One of the fun Super Bowl XLIII storylines has been the Hall of Fame case for quarterback Kurt Warner, the man who once had such a huge chip on his shoulder he initially thought it was just Ricky Proehl.
When thinking of active Hall of Fame quarterbacks, you'd probably mention Peyton Manning, Tom Brady, Brett Favre, and perhaps Donovan McNabb. Warner doesn't really factor into one's head until some unknown fantasy football champion pipes up and says, "Hey ... what about Kurt Warner?" Well, holy crap, he does have a pretty good case, if not air-tight. He's already played in two Super Bowls, has one ring, and will start his third on Sunday with a chance at his second championship with as many teams. Those years he languished the Giants pretty much knocked him off the radar of people's minds. But he's there now, and the praise is coming in from all directions.
One such pat on the back came from ColdHardFootballFacts.com's Kerry Byrne, who used the numbers to say that not only is Warner great, but he's greater than Peyton Manning.
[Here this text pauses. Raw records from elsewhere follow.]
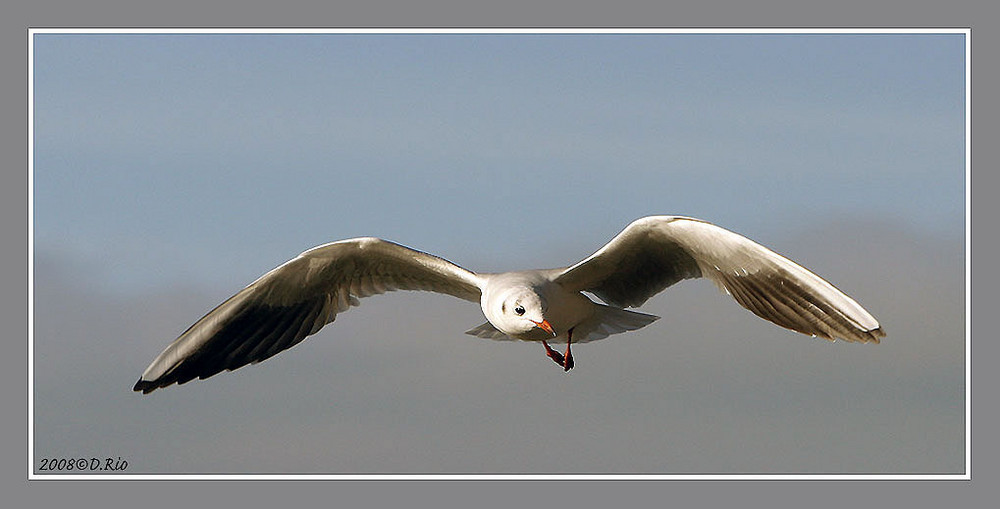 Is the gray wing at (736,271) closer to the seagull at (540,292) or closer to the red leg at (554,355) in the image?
the seagull at (540,292)

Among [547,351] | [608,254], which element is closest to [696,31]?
[608,254]

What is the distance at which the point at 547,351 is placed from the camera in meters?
8.80

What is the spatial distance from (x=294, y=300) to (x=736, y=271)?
3099mm

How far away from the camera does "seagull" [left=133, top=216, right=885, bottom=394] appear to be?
7.90 metres

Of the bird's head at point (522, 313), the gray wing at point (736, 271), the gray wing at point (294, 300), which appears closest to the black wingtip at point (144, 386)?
the gray wing at point (294, 300)

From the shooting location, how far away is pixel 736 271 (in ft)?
26.5

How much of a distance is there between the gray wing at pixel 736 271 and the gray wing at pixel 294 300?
1.12 metres

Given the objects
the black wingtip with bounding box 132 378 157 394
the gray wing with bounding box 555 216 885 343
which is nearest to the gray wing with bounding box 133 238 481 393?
the black wingtip with bounding box 132 378 157 394

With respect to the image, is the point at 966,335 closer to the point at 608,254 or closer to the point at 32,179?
the point at 608,254

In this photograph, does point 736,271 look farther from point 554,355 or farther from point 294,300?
point 294,300

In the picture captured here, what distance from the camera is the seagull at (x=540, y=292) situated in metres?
7.90

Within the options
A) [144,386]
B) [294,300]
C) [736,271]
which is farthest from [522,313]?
[144,386]

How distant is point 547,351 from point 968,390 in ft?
10.1

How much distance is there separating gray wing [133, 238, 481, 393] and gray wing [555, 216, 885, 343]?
1.12 metres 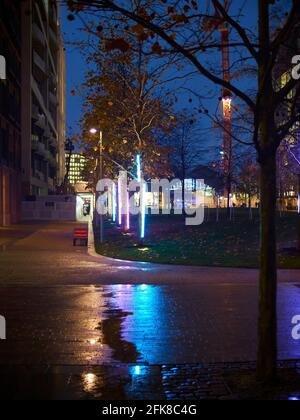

Certainly it's an unorthodox argument, and he lays it out well.
Well, time to destroy it.
They both joined the NFL in 1998.
In 1998, Manning played all 16 games his rookie year and Warner threw all of 11 passes.
They both spent the bulk of their careers playing in domes, giving them plenty of opportunity to cook up fat, juicy stats. And both were often surrounded by great offensive talent.
So we're qualifying that, all ceilings being equal, the stats are comparable. Remember this.
Hell, both of them played with Marshall Faulk and Edgerrin James.
Ha. Yes, but ... Peyton played with Faulk for one year, his rookie season, while Warner played with James for about one and a half. It's probably another article altogether, but Faulk gets the slight-to-medium edge over, well, Edge, as the better back.
Manning is second in NFL history with a 94.7 career passer rating. Warner is third in NFL history with a 93.8 career passer rating. The two are tight as ticks statistically in the regular season.
Tight as ticks? Well, no. No. Not at all, actually. With Warner getting injured and having to compete with playing time for guys named Matt Leinart in Arizona, Trent Green in St. Louis, and that other Manning in New York, Warner has played in about 60 percent fewer regular season games (109 to 176) and equally as few pass attempts (3557 to 5960).
It's no strike against Warner that he's played less football, but it's a default collection of plusses in Manning's column that he has a better QB rating than Warner in almost two-thirds as many chances.